Top of Data segment
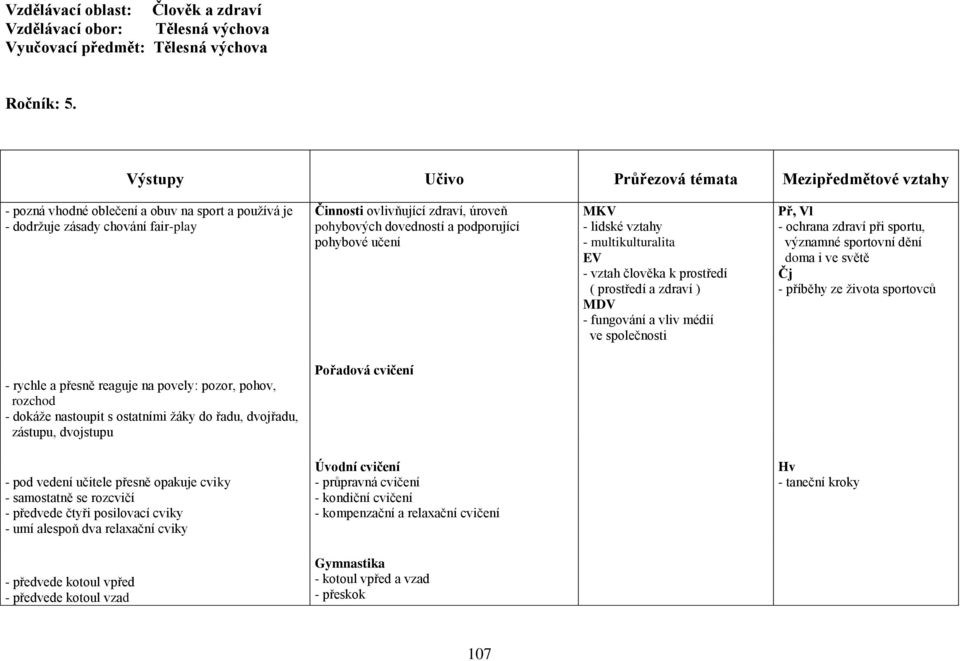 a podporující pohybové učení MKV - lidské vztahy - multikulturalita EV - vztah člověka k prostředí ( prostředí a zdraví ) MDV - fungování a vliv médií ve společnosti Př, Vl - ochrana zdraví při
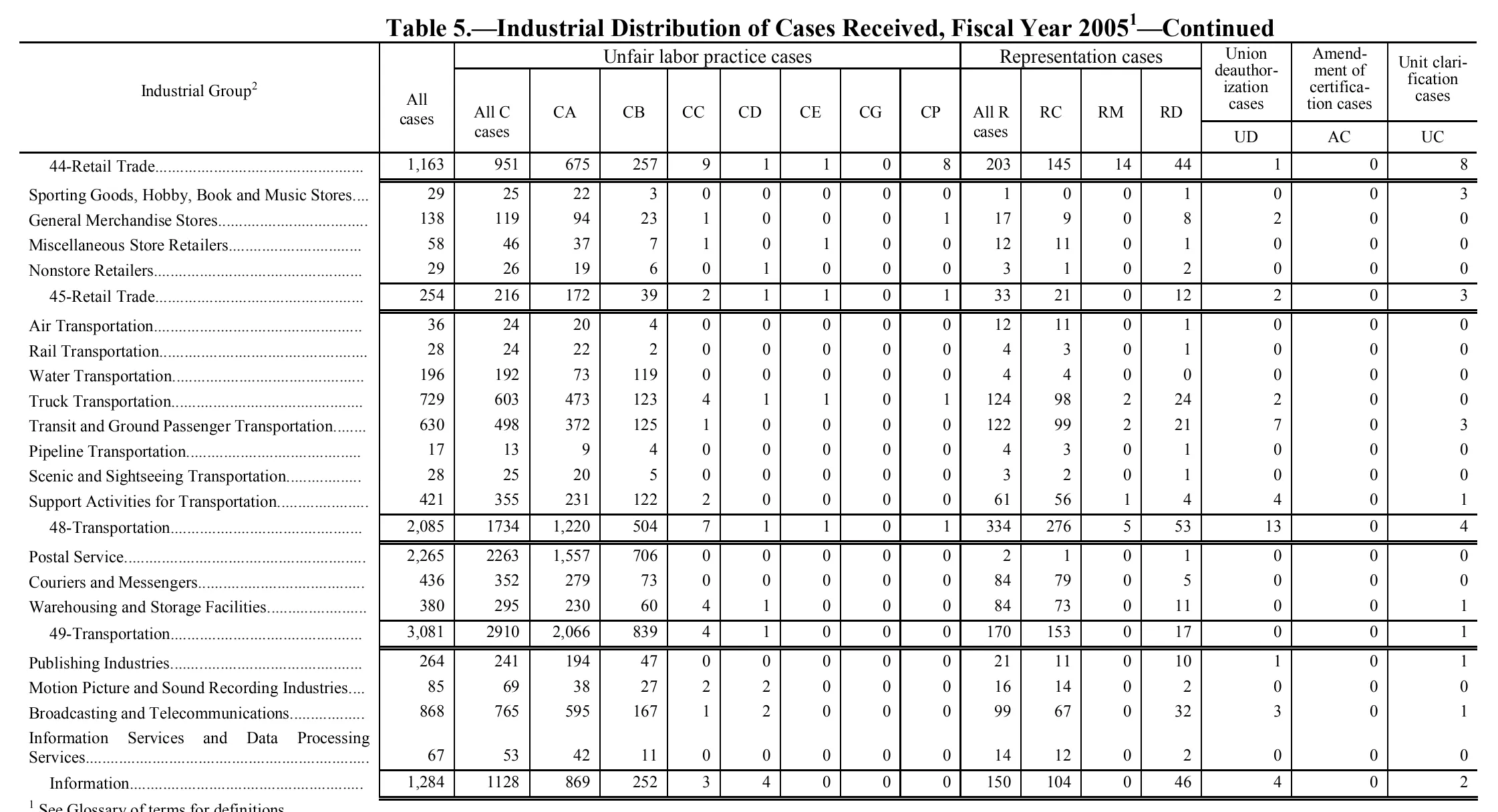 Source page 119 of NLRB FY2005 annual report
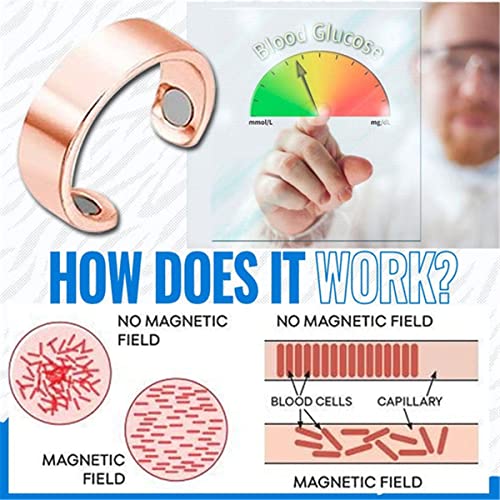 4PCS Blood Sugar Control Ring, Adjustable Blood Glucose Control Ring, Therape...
Bottom of Data segment
- Work to complete
I would like you to set down the lines above, from the one containing "Source page 119 of NLRB FY2005 annual report" to the final line, exactly as written and without pictures.

- Output for this task
 Source page 119 of NLRB FY2005 annual report
 4PCS Blood Sugar Control Ring, Adjustable Blood Glucose Control Ring, Therape...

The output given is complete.